From the GCP Console click the Cloud Shell icon on the top right toolbar:

If you've never started Cloud Shell before, you'll be presented with an intermediate screen (below the fold) describing what it is. If that's the case, click "Continue" (and you won't ever see it again). Here's what that one-time screen looks like:

It should only take a few moments to provision and connect to the shell environment:

This virtual machine is loaded with all the development tools you'll need. It offers a persistent 5GB home directory, and runs on the Google Cloud, greatly enhancing network performance and authentication. Much, if not all, of your work in this lab can be done with simply a browser or your Google Chromebook.

Once connected to Cloud Shell, you should see that you are already authenticated and that the project is already set to your PROJECT_ID.
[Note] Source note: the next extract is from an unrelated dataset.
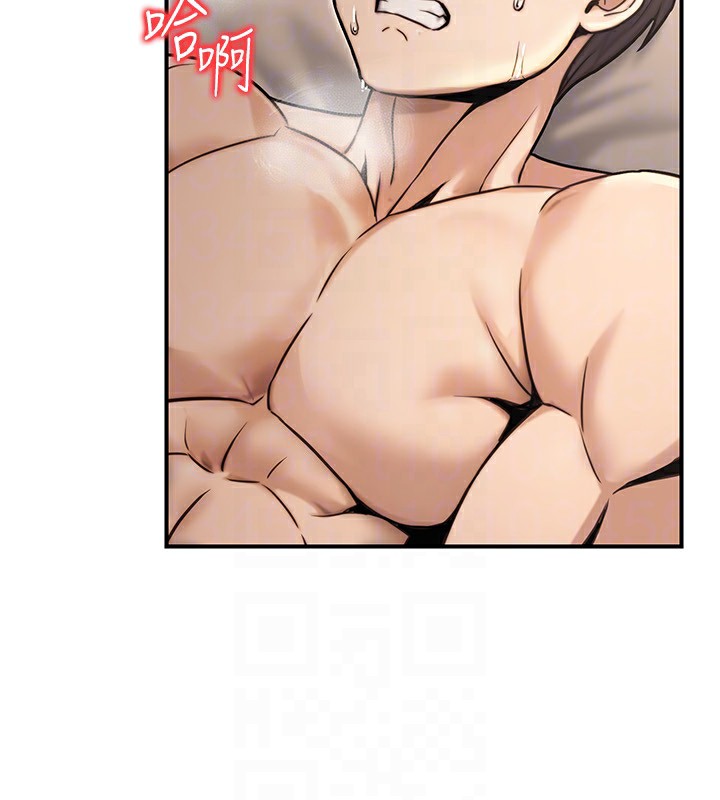 公務員的桃色副業第25話-不可告人的性幻想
Run the following command in Cloud Shell to confirm that you are authenticated:

gcloud auth list

Command output

Credentialed accounts:
 - <myaccount>@<mydomain>.com (active)
gcloud config list project

Command output

[core]
project = <PROJECT_ID>

If it is not, you can set it with this command:

gcloud config set project <PROJECT_ID>

Command output

Updated property [core/project].

BigQuery API should be enabled by default in all Google Cloud projects. You can check whether this is true with the following command in the Cloud Shell: You should be BigQuery listed:

gcloud services list

You should see BigQuery listed:

NAME                              TITLE
bigquery.googleapis.com           BigQuery API

...

In case the BigQuery API is not enabled, you can use the following command in the Cloud Shell to enable it:

gcloud services enable bigquery.googleapis.com

In order to make requests to the BigQuery API, you need to use a Service Account. A Service Account belongs to your project and it is used by the Google Cloud Python client library to make BigQuery API requests. Like any other user account, a service account is represented by an email address. In this section, you will use the Cloud SDK to create a service account and then create credentials you will need to authenticate as the service account.
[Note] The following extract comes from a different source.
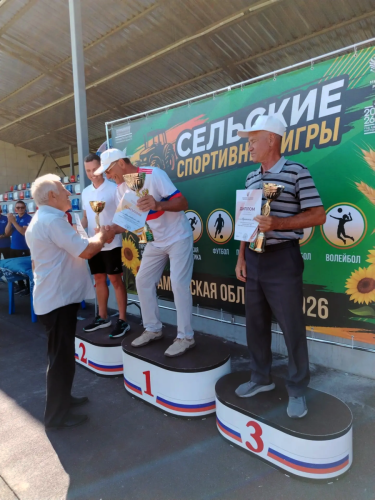 IMG 20260718 165644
First, set a PROJECT_ID environment variable:

export PROJECT_ID=$(gcloud config get-value core/project)

Next, create a new service account to access the BigQuery API by using:

gcloud iam service-accounts create my-bigquery-sa \
  --display-name "my bigquery service account"

Next, create credentials that your Python code will use to login as your new service account. Create these credentials and save it as a JSON file ~/key.json by using the following command:

gcloud iam service-accounts keys create ~/key.json \
  --iam-account my-bigquery-sa@${PROJECT_ID}.iam.gserviceaccount.com

Finally, set the GOOGLE_APPLICATION_CREDENTIALS environment variable, which is used by the BigQuery Python client library, covered in the next step, to find your credentials. The environment variable should be set to the full path of the credentials JSON file you created, by using:

export GOOGLE_APPLICATION_CREDENTIALS=~/key.json

You can read more about authenticating the BigQuery API.

BigQuery uses Identity and Access Management (IAM) to manage access to resources. BigQuery has a number of predefined roles (user, dataOwner, dataViewer etc.) that you can assign to your service account you created in the previous step. You can read more about Access Control in the BigQuery docs.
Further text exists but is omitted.